The equation would be #y = mx + b#

Explanation:

B is the y intercept, the point of the line that touches some part of the y-axis.

M is the slope (rise over run). You find it by plugging two points on the line into the slope equation: #m = (y_2 - y_1)/(X_2 - x_1)#.

Y is basically the linear function.

So if I have a line with the equation: #y = 2x + 1#

I can plug in values for #x# and #y# (let's say 1). I replace #x# with 1 so --> #y = 2(1) + 1#. SO if #x# is 1, then I can solve the equation and say #y = 3#. That's one point (1, 3) on the line of the equation above. Another value to find another point. #b# is 1 because #y# = 2#x# + 1. That means at (x, #1#) the line touches the y-axis.
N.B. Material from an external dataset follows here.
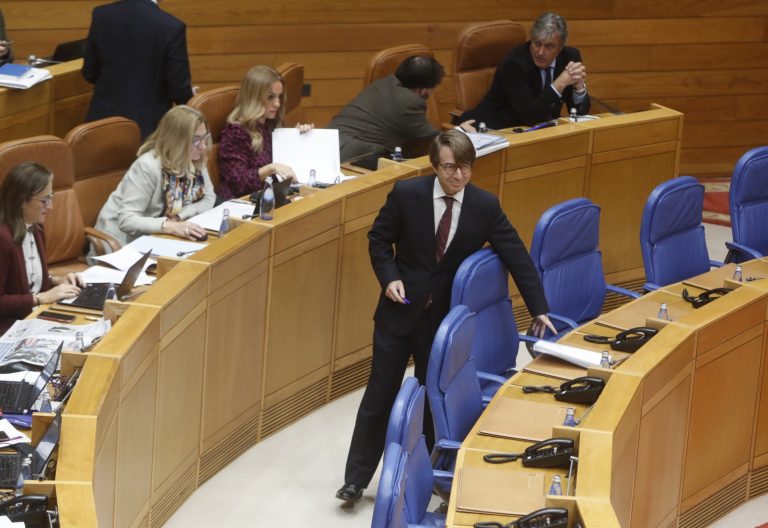 Pleno.- El Parlamento aprueba la subida salarial del 1,5% a los funcionarios de la Xunta, que recibirán ya en noviembre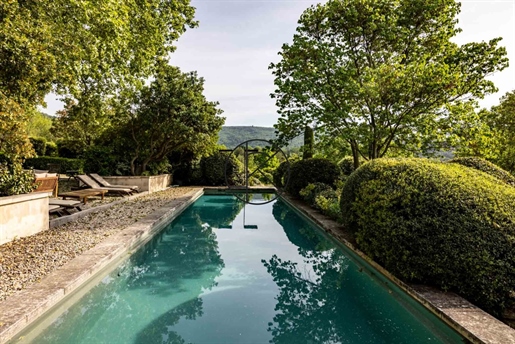 Historic 15th-17th century bastide in the heart of the Luberon.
And as I gave the equations above, when you find the second coordinate (the first being (1, 3)) by plugging in another value for #x# and solving for #y#, you can find #m#, the slope.

Dec 18, 2016

Perhaps the question refers to the "intercept form" of a line:

#x/a +y/b=1#,
where the #x# intercept is #(a,0)# and the #y# intercept is #(0,b)#.

To convert this form to slope intercept form #y=mx+b# (where #m# is the slope and #b# is the #y# intercept),

multiply the equation #x/a +y/b=1# by the LCD #ab#

#ab(x/a +y/b =1)#

#(abx)/a +(aby)/b=ab#

#bx+ay=ab#
#-bxcolor(white)(aaa)-bx#

#ay=-bx+ab#

#(ay)/a=(-bx)/a+(ab)/a#

#y=(-b/a)x +b#

So, to convert from the "intercept form" of a line #x/a+y/b=1#
to the "slope intercept form" #y=mx+b#,

the slope #m=-b/a# and the y intercept #b# is equal to the "b" in the intercept form.